Baboons are right up there with the top animals in the park for me. Never ceasing to amuse me with their behaviour. I heard of one guest actually thinking they were called buffoons, quite accurate really.
Alongside their clowning around their other behavioural traits are fascinating. Baboons do a number of interesting things including kidnapping baby baboons to rise to the top of the hierarchy, they’ll also beat up misbehaving juveniles who can in turn be protected by their assigned ‘godfather’. Time spent studying a baboon troop is never wasted.
I’d already witnessed a baboon being killed by a leopard but this wasn't the last dead baboon I saw.
Female baboons have incredibly strong maternal instincts, every other baboon is interested in the new additions but they are fiercely defensive of their offspring, only letting a select few have a hold or groom.
One afternoon we were driving past a foraging troop when we noticed something strange. Straggling behind the rest of the group was a lone female but she had a youngster. Usually females with young will hang out together for protection and the youngsters play with each other, not on the dangerous outskirts of the troop where they can get picked off easily by eagles and other predators.
This female was different though. Instead of the youngster clasping to her as a normal juvenile would she was having to hold it to her. As we got closer it became apparent what had happened, mainly due to the smell. This youngster had actually died but baboons amazingly won’t give up on a dead baby.
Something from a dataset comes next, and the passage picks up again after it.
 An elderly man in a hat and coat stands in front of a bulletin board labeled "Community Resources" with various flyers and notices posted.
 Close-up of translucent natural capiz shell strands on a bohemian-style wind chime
No other baboons were associating with her, even the accompanying impala were actively going round her, not grazing too close. Female baboons have been known to cling onto the babies remains until they are just bones.
It’s unlikely that this female was mourning but maybe some could argue she was, after all baboons can’t talk. It is more likely she was clinging on to the hope that by having a youngster her stature in the troop wouldn’t be affected. A female with a baby will remain much higher in the troop’s hierarchy than a baboon with no offspring.